Le professeur, qui s’avoue lui-même peu brave, m’offre quelques suggestions :

« Je dis toujours à mes étudiants de commencer à compter dès le début d’un silence. En général, ça va péter entre trois et cinq secondes plus tard ! Et je ferme les yeux, pendant ce temps-là. On sursaute parce que notre corps répond par réflexe à l’image qui apparaît soudainement pour nous faire peur. Si on ne la voit pas, on se donne un coup de main. Finalement, je suggère de regarder les films en plein jour. Si Stephen King place la peur du noir en premier sur sa liste, c’est parce que c’est le moment parfait pour raconter ce genre d’histoires. On se souvient tous des légendes entendues autour du feu, quand on était enfant ! »

C’est d’ailleurs la nostalgie du feu de camp qui explique la passion que Sébastien Diaz voue au cinéma d’horreur. Je tenais à parler au réalisateur de la série Terreur 404, après mon cours accéléré, pour continuer à apprivoiser cette forme d’art…

PHOTO ROBERT SKINNER, LA PRESSE

Sébastien Diaz

« C’est le seul genre qui me ramène autant à l’enfance, m’a-t-il confié. J’ai toujours l’impression d’être le petit cul autour du feu avec une lampe de poche ! Il y a une forme de transgression, comme un interdit de regarder ça. »

Plus encore, le cinéma d’horreur a pour lui une importante fonction sociale.

On regarde tellement de trucs, de nos jours ! On est bombardés d’images et je crois qu’on est devenus un peu insensibles. J’aime quand on me bouscule et que je ne suis plus un spectateur passif.

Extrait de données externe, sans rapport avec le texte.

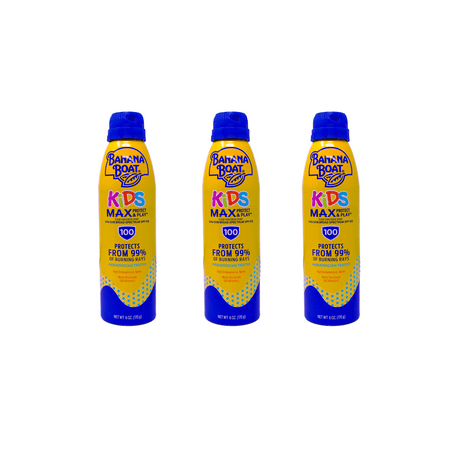 Banana Boat Kids Max Protect & Play Clear Sunscreen Spray SPF 100 6.0 oz Pack of 3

Les bons films d’horreur te poussent dans tes derniers retranchements ; ce n’est pas agréable, mais tu te questionnes à titre d’individu ou de père, par exemple.

Sébastien Diaz

À cet effet, Sébastien Diaz cite son plus récent coup de cœur, le thriller psychologique danois Speak No Evil de Christian Tafdrup. Ce film l’a fait réfléchir à la place qu’occupe la gentillesse dans notre société et à la difficulté qu’il a parfois à mettre son pied à terre.

Puis, il me lance un ultime argument massue : le cinéma d’horreur est une formidable porte d’entrée vers plusieurs autres formes d’art. Les réalisateurs s’inspirent souvent de peintres, de compositeurs classiques ou d’auteurs importants. Plonger dans la démarche des maîtres de l’horreur, c’est à la fois s’instruire sur l’histoire de l’art et sur la culture de différentes époques.

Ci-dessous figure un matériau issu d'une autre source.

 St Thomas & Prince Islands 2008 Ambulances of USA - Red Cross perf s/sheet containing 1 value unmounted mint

« Le cinéma d’horreur nous parle de l’évolution des mœurs, poursuit Sébastien Diaz. Quand j’étais petit, j’étais fasciné par les films censurés sous Thatcher, qu’on appelait les video nasties [vidéos malsaines]. Mon frère et moi, on s’était donné comme mission de tous les louer ! Aux États-Unis, il y a aussi eu le code Hays [qui a assuré 30 ans d’autocensure hollywoodienne]. Certains films ont réussi à le contourner par l’horreur. Les zombies symbolisaient l’air radioactif, par exemple… »

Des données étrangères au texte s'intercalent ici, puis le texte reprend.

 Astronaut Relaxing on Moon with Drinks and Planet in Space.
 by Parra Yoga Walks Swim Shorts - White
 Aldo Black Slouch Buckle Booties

Le cinéma d’horreur nous permettrait donc de vivre une émotion primaire en toute sécurité, de conceptualiser nos peurs et d’aborder des sujets qu’on peine autrement à envisager. « Comme tu es dans une ride de montagnes russes, tu ne réalises pas tout de suite qu’on te parle de la guerre froide », résume Sébastien Diaz.

OK, c’est bon. Vous gagnez, messieurs.

Qu’on m’amène l’Halloween et ses terrifiants classiques, svp… J’ai du rattrapage à faire.